The cable company was trying to collect on late bills from Perez, but now its efforts to shake her down are going to cost it a lot more than a cable bill. The company has been hit with a $229,500 fine for its constant hounding of King—$1,500 per call, which is triple the standard amount.
“Defendant harassed plaintiff with robo-calls until she had to resort to a lawsuit to make the calls stop, and even then TWC could not be bothered to update the information in its IVR system,” Judge Alvin Hellerstein of the U.S. District Court for the Southern District of New York wrote in his ruling.
TWC argued that it was not liable because it believed it was calling Perez, who had consented to the calls. But King’s attempts to stop the calls, and the fact that TWC continued to call her 74 times after she filed her suit in March 2014, weakened the company’s defense.
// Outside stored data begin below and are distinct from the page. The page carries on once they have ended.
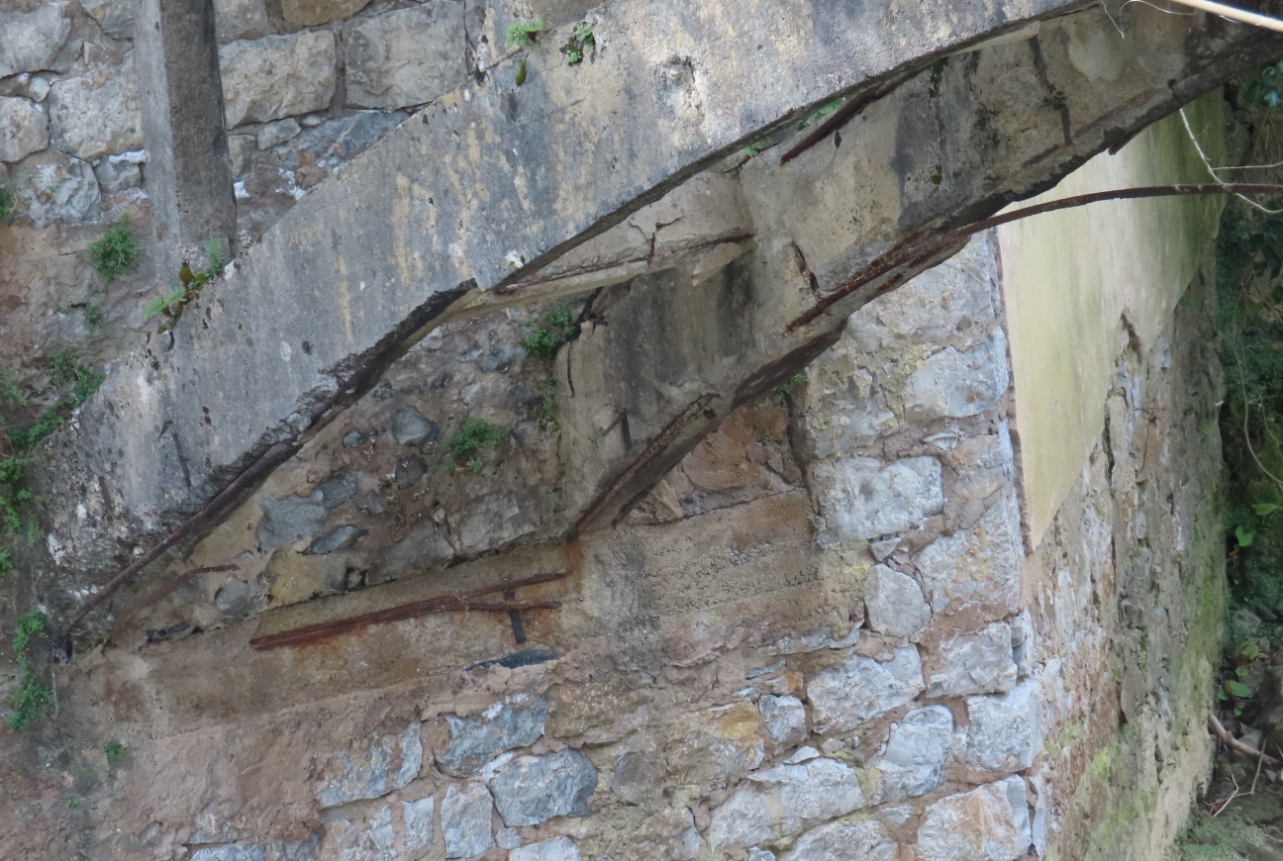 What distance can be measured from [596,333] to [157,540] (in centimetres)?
114

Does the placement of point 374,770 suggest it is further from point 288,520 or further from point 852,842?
point 852,842

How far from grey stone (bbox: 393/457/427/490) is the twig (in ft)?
13.9

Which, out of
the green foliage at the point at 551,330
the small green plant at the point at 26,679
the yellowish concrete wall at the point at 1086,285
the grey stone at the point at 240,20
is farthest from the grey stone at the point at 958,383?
the small green plant at the point at 26,679

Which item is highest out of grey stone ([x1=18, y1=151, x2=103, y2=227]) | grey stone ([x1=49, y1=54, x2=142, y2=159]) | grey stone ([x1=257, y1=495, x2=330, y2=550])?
grey stone ([x1=49, y1=54, x2=142, y2=159])

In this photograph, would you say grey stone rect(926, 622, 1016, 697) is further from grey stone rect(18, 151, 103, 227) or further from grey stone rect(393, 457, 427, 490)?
grey stone rect(18, 151, 103, 227)

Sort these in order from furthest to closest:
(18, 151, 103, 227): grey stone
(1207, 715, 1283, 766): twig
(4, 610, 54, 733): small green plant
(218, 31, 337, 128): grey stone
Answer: (1207, 715, 1283, 766): twig → (218, 31, 337, 128): grey stone → (18, 151, 103, 227): grey stone → (4, 610, 54, 733): small green plant

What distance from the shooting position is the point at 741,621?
329 centimetres

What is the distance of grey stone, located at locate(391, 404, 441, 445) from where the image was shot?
3.02 m

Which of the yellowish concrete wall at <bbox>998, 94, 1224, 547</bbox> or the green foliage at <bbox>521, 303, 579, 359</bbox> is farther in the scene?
the yellowish concrete wall at <bbox>998, 94, 1224, 547</bbox>

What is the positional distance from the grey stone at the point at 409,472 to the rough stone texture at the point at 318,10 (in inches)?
46.5

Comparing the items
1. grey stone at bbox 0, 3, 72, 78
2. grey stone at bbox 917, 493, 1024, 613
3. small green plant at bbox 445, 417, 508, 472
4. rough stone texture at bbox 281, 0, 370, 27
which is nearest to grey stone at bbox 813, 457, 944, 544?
grey stone at bbox 917, 493, 1024, 613

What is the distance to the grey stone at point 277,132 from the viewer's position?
3111mm

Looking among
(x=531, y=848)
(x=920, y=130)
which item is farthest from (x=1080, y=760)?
(x=920, y=130)

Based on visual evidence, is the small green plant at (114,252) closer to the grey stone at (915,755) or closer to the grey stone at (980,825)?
the grey stone at (915,755) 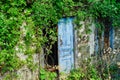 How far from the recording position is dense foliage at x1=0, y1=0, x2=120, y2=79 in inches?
346

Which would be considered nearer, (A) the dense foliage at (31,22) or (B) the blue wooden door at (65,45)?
(A) the dense foliage at (31,22)

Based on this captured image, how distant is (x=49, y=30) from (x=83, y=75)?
2.10 meters

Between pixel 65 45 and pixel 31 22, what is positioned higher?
pixel 31 22

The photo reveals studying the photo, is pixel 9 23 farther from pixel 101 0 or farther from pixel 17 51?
pixel 101 0

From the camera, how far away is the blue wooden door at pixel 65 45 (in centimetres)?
1043

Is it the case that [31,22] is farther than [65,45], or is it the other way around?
[65,45]

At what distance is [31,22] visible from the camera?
936 centimetres

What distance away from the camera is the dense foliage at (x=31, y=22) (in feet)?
28.8

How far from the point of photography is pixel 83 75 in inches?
426

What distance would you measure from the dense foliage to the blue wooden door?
0.25 m

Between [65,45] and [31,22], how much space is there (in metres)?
1.82

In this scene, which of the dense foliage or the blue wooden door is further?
the blue wooden door

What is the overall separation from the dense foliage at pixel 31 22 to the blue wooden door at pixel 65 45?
25 centimetres

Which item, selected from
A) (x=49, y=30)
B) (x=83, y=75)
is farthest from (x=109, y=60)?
(x=49, y=30) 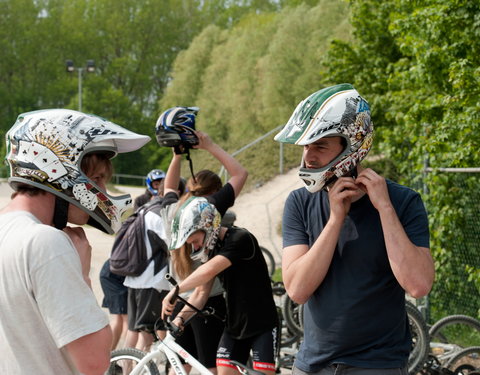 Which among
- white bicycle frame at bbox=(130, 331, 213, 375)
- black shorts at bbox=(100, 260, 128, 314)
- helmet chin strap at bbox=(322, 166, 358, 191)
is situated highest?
helmet chin strap at bbox=(322, 166, 358, 191)

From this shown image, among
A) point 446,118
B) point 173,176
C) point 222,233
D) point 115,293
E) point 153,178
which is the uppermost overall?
point 446,118

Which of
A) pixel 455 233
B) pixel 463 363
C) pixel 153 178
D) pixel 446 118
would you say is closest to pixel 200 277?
pixel 463 363

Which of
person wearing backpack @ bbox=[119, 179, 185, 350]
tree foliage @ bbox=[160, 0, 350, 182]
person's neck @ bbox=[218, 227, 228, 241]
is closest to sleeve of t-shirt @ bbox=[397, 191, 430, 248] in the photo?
person's neck @ bbox=[218, 227, 228, 241]

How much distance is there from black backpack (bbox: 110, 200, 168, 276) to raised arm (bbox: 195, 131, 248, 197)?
1.38 meters

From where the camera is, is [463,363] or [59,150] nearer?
[59,150]

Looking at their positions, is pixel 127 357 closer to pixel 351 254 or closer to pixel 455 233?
pixel 351 254

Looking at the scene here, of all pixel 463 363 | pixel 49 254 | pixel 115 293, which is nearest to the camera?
pixel 49 254

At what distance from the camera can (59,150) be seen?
7.37 ft

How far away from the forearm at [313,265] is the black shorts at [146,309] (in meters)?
3.34

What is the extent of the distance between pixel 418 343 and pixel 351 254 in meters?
3.89

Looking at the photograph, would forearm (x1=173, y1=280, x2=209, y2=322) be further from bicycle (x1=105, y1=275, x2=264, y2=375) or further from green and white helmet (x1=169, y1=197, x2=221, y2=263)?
green and white helmet (x1=169, y1=197, x2=221, y2=263)

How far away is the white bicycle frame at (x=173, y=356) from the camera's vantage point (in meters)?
4.69

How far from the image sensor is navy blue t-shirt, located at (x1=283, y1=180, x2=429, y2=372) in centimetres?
289

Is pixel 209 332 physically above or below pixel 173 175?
below
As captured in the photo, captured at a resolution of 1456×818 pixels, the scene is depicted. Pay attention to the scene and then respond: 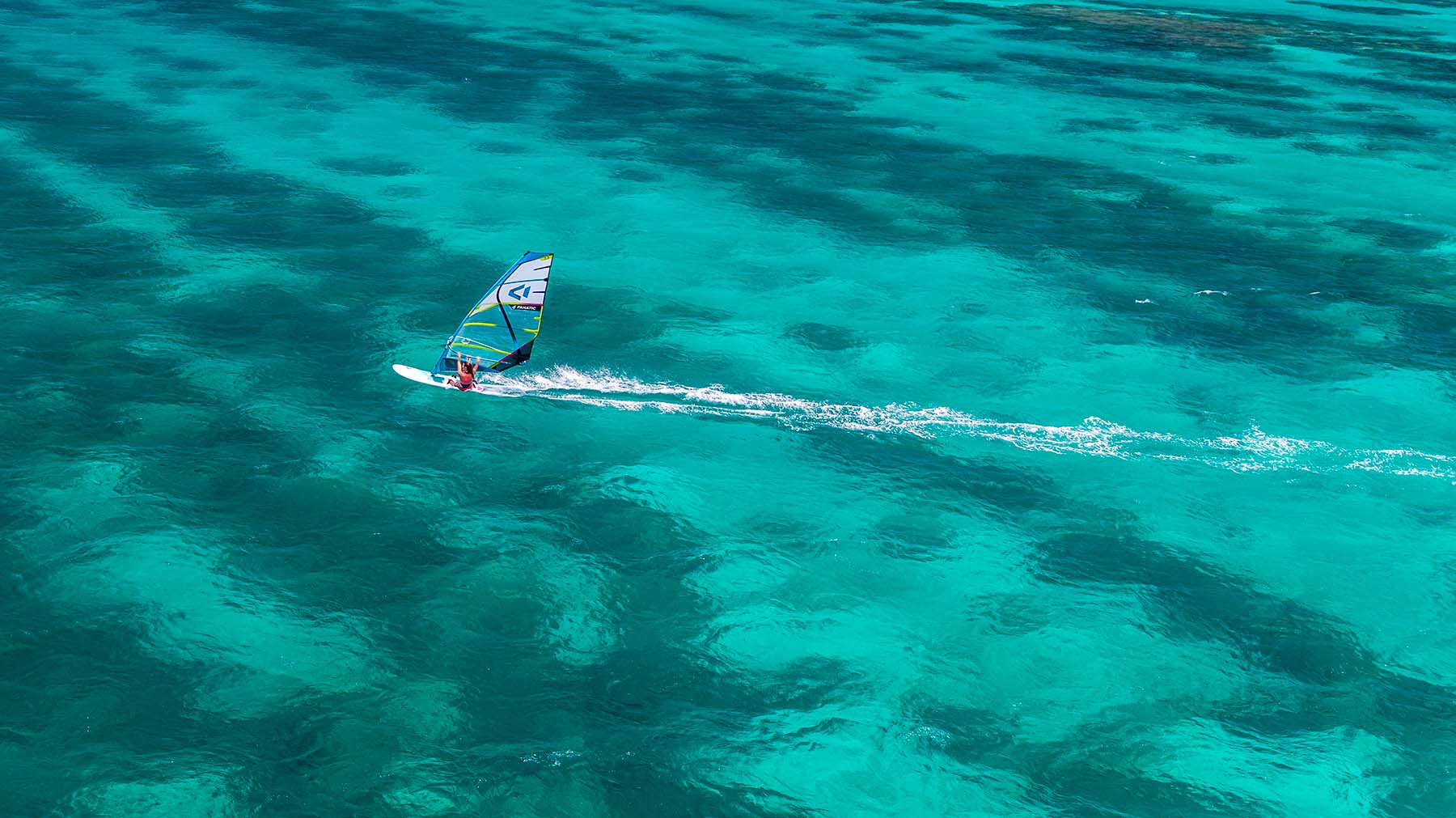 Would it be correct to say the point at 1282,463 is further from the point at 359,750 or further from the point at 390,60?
the point at 390,60

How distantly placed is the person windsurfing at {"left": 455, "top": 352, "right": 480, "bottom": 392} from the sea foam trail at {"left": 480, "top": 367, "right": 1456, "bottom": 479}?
0.68 metres

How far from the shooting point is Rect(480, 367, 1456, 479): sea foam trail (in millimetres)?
38562

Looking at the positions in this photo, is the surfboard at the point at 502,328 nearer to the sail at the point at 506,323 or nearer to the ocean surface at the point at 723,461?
the sail at the point at 506,323

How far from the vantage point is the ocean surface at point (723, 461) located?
1062 inches

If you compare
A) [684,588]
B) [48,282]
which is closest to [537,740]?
[684,588]

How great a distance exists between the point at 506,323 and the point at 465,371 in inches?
76.0

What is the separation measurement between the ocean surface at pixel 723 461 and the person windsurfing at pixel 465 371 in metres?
0.72

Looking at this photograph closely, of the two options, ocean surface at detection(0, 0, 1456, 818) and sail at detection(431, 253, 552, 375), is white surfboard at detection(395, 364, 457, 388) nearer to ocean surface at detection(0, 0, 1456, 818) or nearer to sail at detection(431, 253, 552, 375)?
sail at detection(431, 253, 552, 375)

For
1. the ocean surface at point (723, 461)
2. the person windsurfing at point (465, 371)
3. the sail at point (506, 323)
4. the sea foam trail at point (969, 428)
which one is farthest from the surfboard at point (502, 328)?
the sea foam trail at point (969, 428)

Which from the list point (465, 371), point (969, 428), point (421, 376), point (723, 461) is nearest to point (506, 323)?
point (465, 371)

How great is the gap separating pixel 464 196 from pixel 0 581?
30482 mm

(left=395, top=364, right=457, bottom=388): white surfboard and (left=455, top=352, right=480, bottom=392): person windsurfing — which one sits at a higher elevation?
(left=455, top=352, right=480, bottom=392): person windsurfing

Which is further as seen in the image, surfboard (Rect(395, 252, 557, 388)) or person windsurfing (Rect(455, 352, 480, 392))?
person windsurfing (Rect(455, 352, 480, 392))

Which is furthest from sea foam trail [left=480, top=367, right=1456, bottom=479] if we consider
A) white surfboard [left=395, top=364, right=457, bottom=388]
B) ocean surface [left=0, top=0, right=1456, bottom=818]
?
white surfboard [left=395, top=364, right=457, bottom=388]
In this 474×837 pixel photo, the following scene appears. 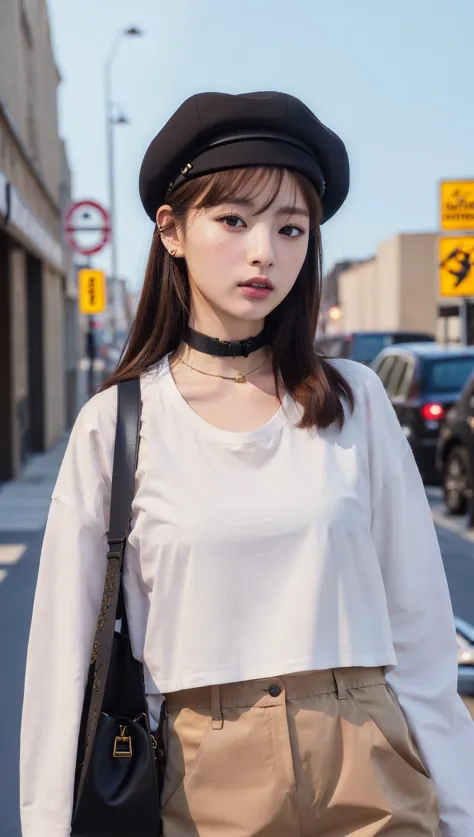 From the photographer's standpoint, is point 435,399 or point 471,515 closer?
point 471,515

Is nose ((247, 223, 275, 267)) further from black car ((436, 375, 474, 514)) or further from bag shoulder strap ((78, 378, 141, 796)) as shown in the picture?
black car ((436, 375, 474, 514))

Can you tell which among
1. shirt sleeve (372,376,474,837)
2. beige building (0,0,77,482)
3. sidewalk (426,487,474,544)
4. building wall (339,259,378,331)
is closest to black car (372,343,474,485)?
Answer: sidewalk (426,487,474,544)

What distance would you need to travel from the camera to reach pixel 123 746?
1797 mm

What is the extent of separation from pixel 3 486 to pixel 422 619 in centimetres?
1268

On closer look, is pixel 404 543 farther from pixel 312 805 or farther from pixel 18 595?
pixel 18 595

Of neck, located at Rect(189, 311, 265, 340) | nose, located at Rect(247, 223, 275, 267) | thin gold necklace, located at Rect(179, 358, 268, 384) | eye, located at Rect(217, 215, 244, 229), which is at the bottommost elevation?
thin gold necklace, located at Rect(179, 358, 268, 384)

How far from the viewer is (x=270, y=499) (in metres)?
1.84

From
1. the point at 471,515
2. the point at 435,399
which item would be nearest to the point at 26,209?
the point at 435,399

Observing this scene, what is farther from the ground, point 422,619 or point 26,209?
point 26,209

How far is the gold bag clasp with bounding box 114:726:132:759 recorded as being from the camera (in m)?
1.79

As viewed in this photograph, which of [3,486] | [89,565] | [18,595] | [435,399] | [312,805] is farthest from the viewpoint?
[3,486]

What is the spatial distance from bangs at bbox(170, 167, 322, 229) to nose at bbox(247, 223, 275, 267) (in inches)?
1.2

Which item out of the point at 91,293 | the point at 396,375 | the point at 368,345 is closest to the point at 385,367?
the point at 396,375

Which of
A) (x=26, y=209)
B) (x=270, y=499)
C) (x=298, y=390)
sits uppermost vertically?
(x=26, y=209) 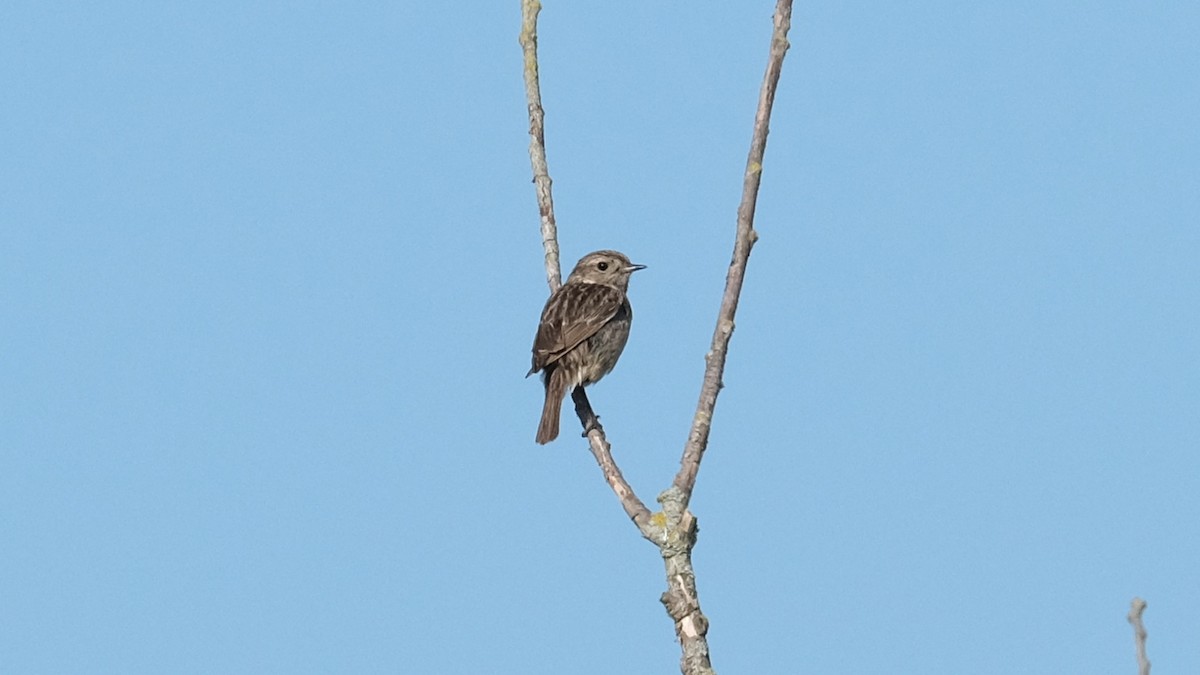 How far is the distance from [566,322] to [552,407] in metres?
0.62

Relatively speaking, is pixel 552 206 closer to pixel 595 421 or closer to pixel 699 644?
pixel 595 421

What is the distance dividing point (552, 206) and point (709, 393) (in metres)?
3.05

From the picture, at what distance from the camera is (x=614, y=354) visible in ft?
36.8

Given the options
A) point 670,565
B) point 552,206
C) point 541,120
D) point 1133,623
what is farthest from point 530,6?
point 1133,623

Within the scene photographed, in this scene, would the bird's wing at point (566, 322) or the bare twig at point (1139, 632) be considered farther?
the bird's wing at point (566, 322)

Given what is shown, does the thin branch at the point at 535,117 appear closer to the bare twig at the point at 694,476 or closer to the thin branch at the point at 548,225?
the thin branch at the point at 548,225

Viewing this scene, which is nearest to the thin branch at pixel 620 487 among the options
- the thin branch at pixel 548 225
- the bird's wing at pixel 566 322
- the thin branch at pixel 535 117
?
the thin branch at pixel 548 225

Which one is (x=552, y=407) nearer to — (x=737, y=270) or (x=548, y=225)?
(x=548, y=225)

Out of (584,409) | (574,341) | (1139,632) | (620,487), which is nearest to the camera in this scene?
(1139,632)

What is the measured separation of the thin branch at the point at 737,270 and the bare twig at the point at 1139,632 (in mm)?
2602

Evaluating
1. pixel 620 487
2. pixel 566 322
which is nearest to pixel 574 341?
pixel 566 322

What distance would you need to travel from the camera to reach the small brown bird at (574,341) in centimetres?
1037

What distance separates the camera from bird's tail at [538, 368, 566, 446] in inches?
392

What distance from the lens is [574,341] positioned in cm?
1041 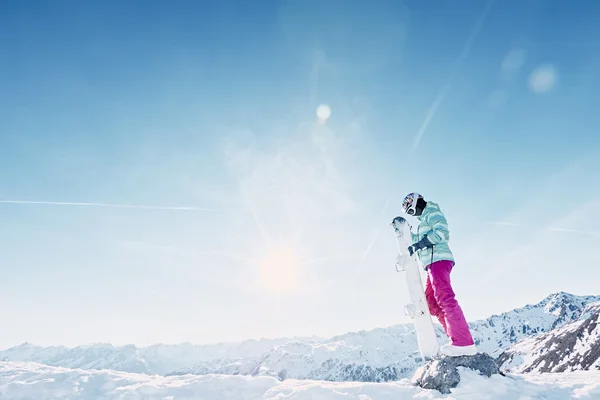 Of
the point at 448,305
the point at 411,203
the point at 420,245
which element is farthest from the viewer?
the point at 411,203

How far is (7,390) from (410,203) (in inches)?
359

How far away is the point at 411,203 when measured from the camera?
852cm

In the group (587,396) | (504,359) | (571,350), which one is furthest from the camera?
(504,359)

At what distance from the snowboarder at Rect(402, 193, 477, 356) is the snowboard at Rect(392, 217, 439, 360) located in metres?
0.25

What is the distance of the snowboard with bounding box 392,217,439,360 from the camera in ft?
26.3

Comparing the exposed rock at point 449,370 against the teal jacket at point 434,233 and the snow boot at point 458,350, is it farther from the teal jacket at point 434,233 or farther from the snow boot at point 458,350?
the teal jacket at point 434,233

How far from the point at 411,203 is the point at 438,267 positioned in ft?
5.25

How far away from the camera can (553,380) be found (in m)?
7.14

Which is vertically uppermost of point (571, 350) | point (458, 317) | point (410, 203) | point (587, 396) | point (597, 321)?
point (597, 321)

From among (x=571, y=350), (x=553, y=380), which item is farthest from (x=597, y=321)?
(x=553, y=380)

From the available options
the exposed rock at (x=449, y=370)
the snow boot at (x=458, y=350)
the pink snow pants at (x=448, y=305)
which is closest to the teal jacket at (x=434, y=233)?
the pink snow pants at (x=448, y=305)

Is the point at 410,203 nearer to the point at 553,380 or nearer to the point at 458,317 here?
the point at 458,317

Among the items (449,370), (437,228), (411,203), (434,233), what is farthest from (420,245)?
(449,370)

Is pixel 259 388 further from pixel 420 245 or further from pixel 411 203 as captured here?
pixel 411 203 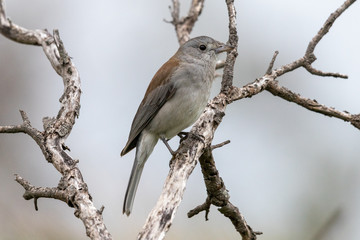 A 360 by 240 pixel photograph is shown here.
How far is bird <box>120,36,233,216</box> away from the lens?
467 centimetres

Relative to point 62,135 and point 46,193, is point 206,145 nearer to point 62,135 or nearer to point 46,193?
point 62,135

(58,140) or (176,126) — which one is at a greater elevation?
(176,126)

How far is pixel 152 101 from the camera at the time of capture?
4.94 meters

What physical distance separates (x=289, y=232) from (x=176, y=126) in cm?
218

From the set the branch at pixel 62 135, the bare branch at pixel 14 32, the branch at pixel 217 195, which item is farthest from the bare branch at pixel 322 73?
Result: the bare branch at pixel 14 32

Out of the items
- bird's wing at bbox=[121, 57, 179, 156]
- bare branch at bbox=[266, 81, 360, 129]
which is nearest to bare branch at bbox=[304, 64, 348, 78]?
bare branch at bbox=[266, 81, 360, 129]

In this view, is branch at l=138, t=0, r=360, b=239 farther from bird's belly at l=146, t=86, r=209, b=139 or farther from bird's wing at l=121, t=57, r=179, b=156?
bird's wing at l=121, t=57, r=179, b=156

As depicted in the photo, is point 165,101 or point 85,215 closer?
point 85,215

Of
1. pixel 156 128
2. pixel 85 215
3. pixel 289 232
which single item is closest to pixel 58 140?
pixel 85 215

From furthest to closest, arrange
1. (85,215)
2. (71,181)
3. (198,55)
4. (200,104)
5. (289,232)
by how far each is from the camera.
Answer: (289,232) → (198,55) → (200,104) → (71,181) → (85,215)

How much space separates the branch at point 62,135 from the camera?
3.05 metres

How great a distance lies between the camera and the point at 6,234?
13.8 ft

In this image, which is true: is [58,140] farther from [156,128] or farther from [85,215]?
[156,128]

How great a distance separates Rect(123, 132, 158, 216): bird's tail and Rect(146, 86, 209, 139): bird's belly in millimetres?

Hellerstein wrote that the 74 calls placed after being sued were “particularly egregious violations of the TCPA [Telephone Consumer Protection Act] and indicate that TWC simply did not take this lawsuit seriously.”
Robocalls have become an endless annoyance, especially for landline holdouts. The issue has grown so rampant that the Federal Trade Commission (FTC) began offering rewards for people who presented viable ideas for fighting the obnoxious calls.
TWC is reviewing the ruling and has not decided if it will appeal. Charter Communications announced in May that it planned to purchase TWC for $56 billion. At monetary heights like that, what’s another $229,500?
H/T Engadget | Photo via Ildar Sagdejev/Wikimedia (CC BY SA 2.0)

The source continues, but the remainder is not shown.